Notre avance a disloqué le dispositif de l’ennemi qui se replie surtout le front du Corps d’armée. La suite dépend de ce tête-à-tête. Le Général est fatigué et détendu. Il me demande, avec ce regard affectueux des moments de répit, si je ne lui en veux pas de son algarade de ce matin… Grands dieux non ! Quelle tension il supporte ! il est extraordinaire à voir dans le feu de l’action. Rien d’étonnant à ce qu’il ne soit pas toujours commode.
Lundi 20 novembre 1944 – Cirey
Massu est lancé à droite, Minjonnet à gauche. Le Général ne peut plus rien qu’attendre les résultats pour apprécier la décision à prendre.
C’est l’opération du GTV sur Badonviller et Cirey qui a été déterminante. Elle a coûté cher. La Horie, Mazières et 300 types hors de combat. Mais l’ennemi a été surpris. Il ne s’attendait pas à ce que des éléments blindés empruntent cet itinéraire impossible. La charge sur Cirey a achevé de le désorganiser.
Belfort est tombé ce matin et du Vigier est sur le Rhin. Le général Devers, commandant du Groupe d’armées nous l’a appris en venant nous voir cet après-midi au P.C. avant.
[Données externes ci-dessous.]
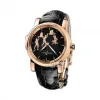 雅典/Ulysse Nardin 鎏金系列 18k玫瑰金 手动机械 男表 736-61-E2
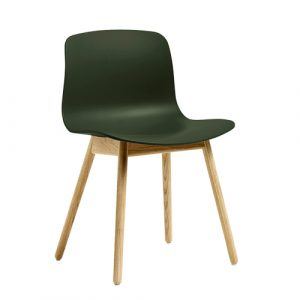 HAY About A Chair (AAC12) - Green/Natur Eg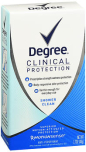 Degree Clinical Protection Anti-Perspirant Shower Clean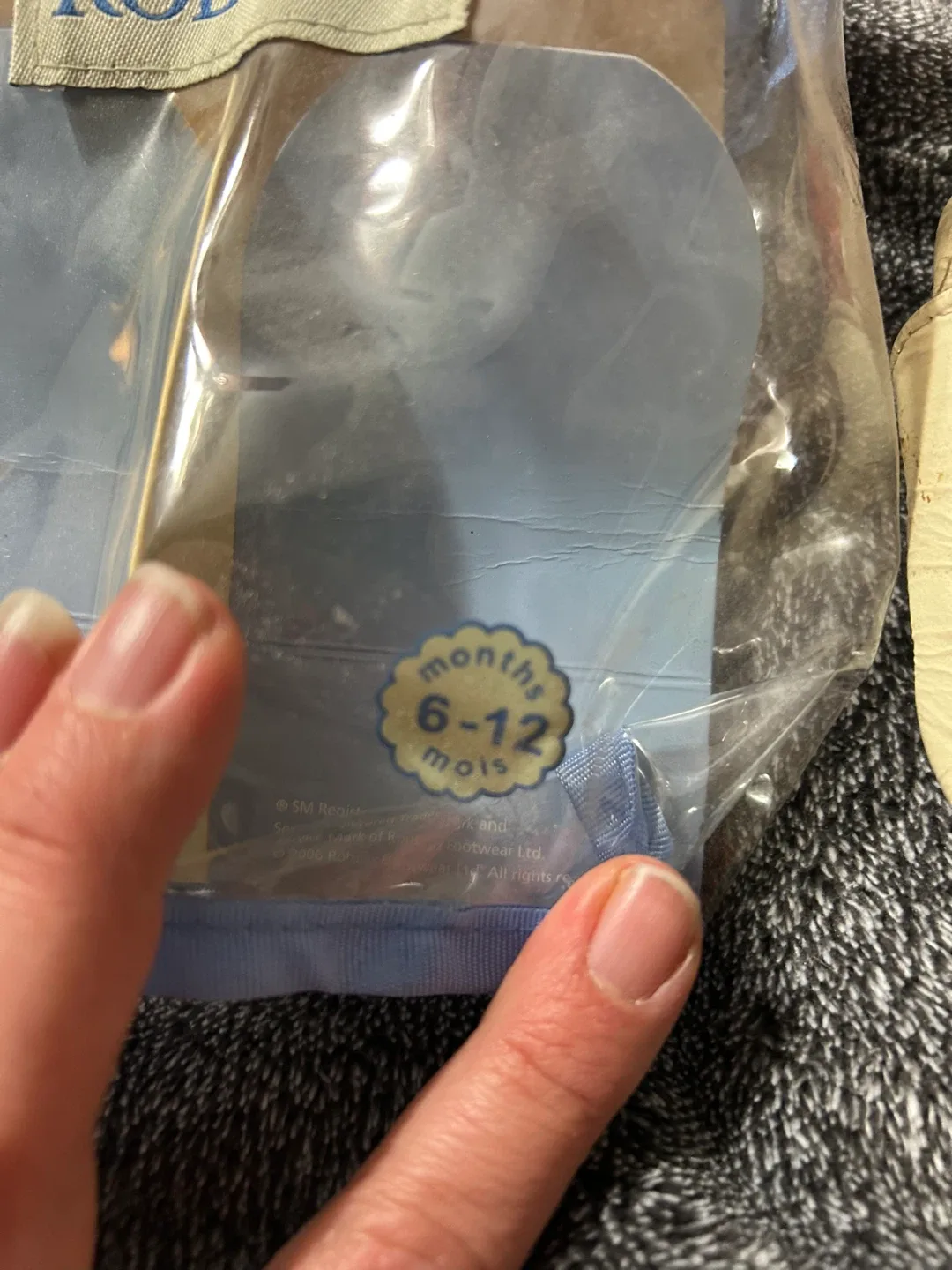 Robeez Reindeer Baby Shoes (6-12 months) image indicator(3)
Au cours de l’avance d’hier, un de nos hommes va rendre visite à des jésuites quelque part dans la région de Cirey. Dans le jardin, il aperçoit quatre canons de 88. Il les considère avec intérêt. Deux jésuites sortent de la maison. Tous trois se congratulent, puis notre aumônier est repris par sa contemplation
Beaux canons…
Oui, n’est-ce pas.
Mais, où sont donc les servants ?
Les servants ? Ah, ils sont là… oui… dans la cave…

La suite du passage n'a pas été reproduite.